Mark Pestronk
Mark Pestronk

Q: A large corporation wants to become our client, but it is proposing an unusual arrangement: We would open an ARC-appointed branch office at the corporation's headquarters, and the office would be staffed solely by the corporation's own employees. Is such an arrangement legal under ARC rules? I thought agency locations have to be open to the public and staffed by agency employees. Why would an organization want to do business in this way, as opposed to having its own corporate travel department? What would we charge the client to make it worthwhile for us? What risks do we run, and what can we do to lessen those risks?

A: The arrangement that you describe is commonly called a "rent-a-plate" because the client uses the agency's branch accreditation in return for a fee that can be in the nature of rent. The term "plate" is a leftover from the days when each agency location had a metal plate with its ARC number to put in the ticket validator when issuing manual airline tickets.

Rent-a-plates have been legal since about 1980. Before corporate travel departments could get their own ARC appointments, there were probably several thousand of them. There are still quite a few left, although I don't think that ARC keeps track of the total number.

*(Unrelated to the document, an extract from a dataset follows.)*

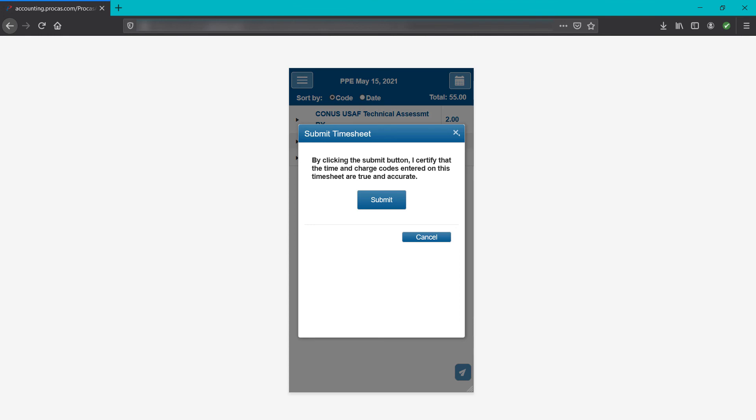A confirmation screen is then displayed. By tapping the submit button on this screen, you are electronically signing your timesheet and attesting to its completeness and accuracy. Your supervisor will receive a notification that you've submitted your timesheet. You'll receive an email notification when your supervisor and or project approvers approve or disapprove of your timesheet.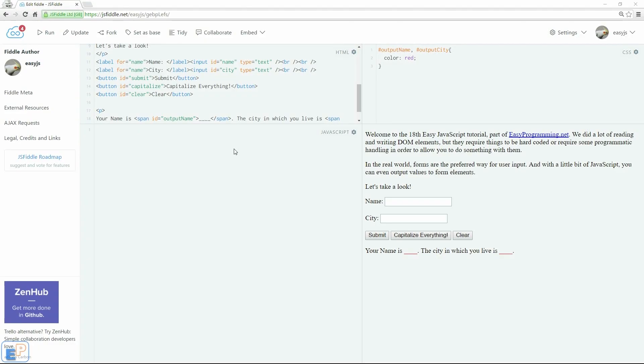Hey there, welcome to the 18th Easy JavaScript Tutorial part of EasyProgramming.net. In the last tutorial we covered the OnClick Event Handler. We're going to use what we learned and build on it. In this tutorial we're going to look at how we can read and write form element values in a very basic way.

Years ago, it was necessary for every travel agency location to be accessible to the general public, but this is no longer the case. Although your headquarters location needs to be staffed by one or more qualified personnel on your payroll, a branch can be staffed entirely by the client's employees.

A corporation might want to use your branch appointment for several reasons: to access superior supplier deals, to shift administrative burdens and liability onto you or because it wants to stick to its core mission instead of being in the travel business.

Agencies typically charge a fixed fee per ticket, a percentage of monthly volume or a fixed monthly fee. In return, besides allowing the client to use your appointment, you could perform several services, including providing access to your GDS or online booking engine, reporting and quality control of ticketing.

In addition to being paid by the client, you can benefit because the increased sales volume will result in more commissions. If the client has the same preferred suppliers that you do, your market-share overrides could increase substantially.

Since the client makes its own reservations and issues its own tickets, the big risk to you is that the client could violate airline or ARC rules, and you would be responsible. Indeed, an unscrupulous client could put your agency out of business by issuing millions of dollars in unpaid cash sales or unauthorized credit card charges.

Therefore, you need to pick your rent-a-plate clients with care. You need to make sure that the client has experienced travel agents staffing its branch office.

You also need to have a written contract under which the client agrees to indemnify you against all liability arising out of its reservations and ticketing. Often, such contracts specifically include prohibitions on back-to-back and hidden-city ticketing.

You need to ensure that the client understands its obligations to safeguard e-ticket numbers in accordance with the rules in the ARC Industry Agents handbook, and you should require safeguards against phishing attempts and unauthorized credit card charges. Finally, you need to prohibit the client from signing any supplier contract in your agency's name.

Rent-a-plate arrangements can be highly rewarding, but you need to make sure that you understand the risks involved.